▸ EXERCISE: Word for word, please copy the line containing "Habitat: Growing on" and all lines after it in the entries below, and only those, leaving every picture out.

===== TASK INPUT =====

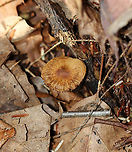 Mushroom - Cortinarius sp. Another cort, I think.<br />
<br />
Habitat: Growing on the ground; mixed forest<br />
https://www.jungledragon.com/image/124155/mushroom_-_cortinarius_sp.html Cortinarius,Fall,Geotagged,United States,fungus,mushroom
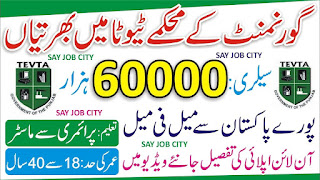 TEVTA Punjab Jobs 2023 - Get Application Form at www.tevta.gop.pk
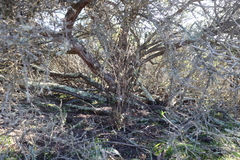 Ceanothus cuneatus ramulosus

=====

▸ RESULT:
Habitat: Growing on the ground; mixed forest<br />
https://www.jungledragon.com/image/124155/mushroom_-_cortinarius_sp.html Cortinarius,Fall,Geotagged,United States,fungus,mushroom
 TEVTA Punjab Jobs 2023 - Get Application Form at www.tevta.gop.pk
 Ceanothus cuneatus ramulosus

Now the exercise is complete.